The Economist December 3, 2011

Give Me Your Gucci-Clad Masses

“GIVE me your tired, your poor, your huddled masses,” reads Emma Lazarus’s ode to immigration inscribed on a plaque beneath the Statue of Liberty. More than a century later, however, it is the jet-lagged and rich who are receiving the warmest welcome at America’s borders.

Two senators, Charles Schumer, a Democrat, and Mike Lee, a Republican, recently introduced legislation to fast-track visas for foreigners spending $500,000 on residential property. Their Visit USA Act would allow purchasers and their families to live in America for as long as they owned their houses, though not to work there or receive any federal benefits.

But The Economist also points out that the EB-5 program, where immigrants get a green card with the right to work and welfare, has deteriorated to the point that they can purchase $500k in State or local bonds to get legal permanent residence and eventually citizenship.

"Although the act is unlikely to become law anytime soon, would-be immigrants with half a million dollars in hand need not despair: America has a visas-for-cash scheme up and running. The Immigrant Investor Programme, also known as EB-5, was set up in 1990 to lure in foreigners by giving them the right to live and work there permanently if they created jobs.

Initially EB-5 came laden with stringent conditions: immigrants had to invest $1m either in a new enterprise that would create at least ten full-time jobs, or in a failing one to preserve the same number. They were required to manage the business themselves, and even to dedicate some of the jobs to exports. If a company failed in its first two years, investors would lose both their money and their green cards.
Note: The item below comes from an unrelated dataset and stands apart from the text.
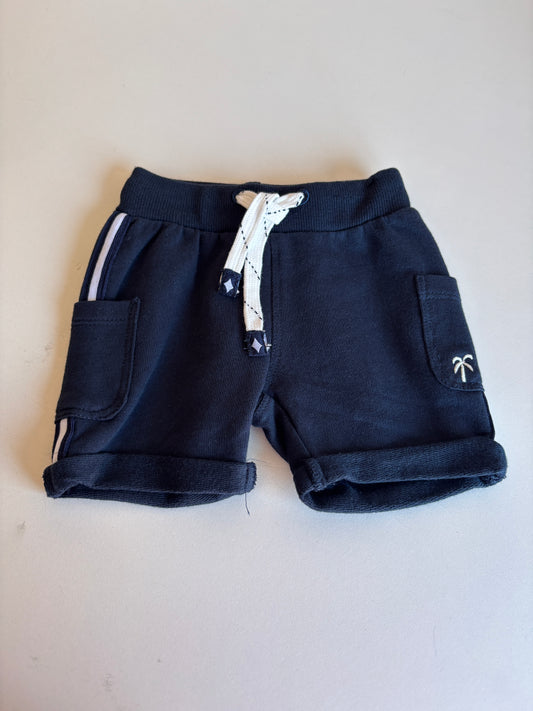 Marineblauwe shortje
With the exception of the two-year rule, these restrictions have now melted away. Investors today can choose to buy into all sorts of packaged projects, created by regional centres that oversee their day-to-day management. Many projects qualify for a minimum investment of only $500,000, designed to push investment to rural regions and areas of high unemployment. Crucially, the required ten jobs no longer need to be in direct employment. This permits investment in limited partnerships whose purpose is to lend money to companies that do employ workers, reducing investors’ risk.

The logical conclusion is that immigrants could qualify for permanent residency simply by buying local government bonds—and that is exactly what did happen in October. A group of 95 investors, mostly Chinese, bought $48m of Washington state bonds to help finance a replacement for the longest floating bridge in the world, near Seattle."

America for sale. And to types like this.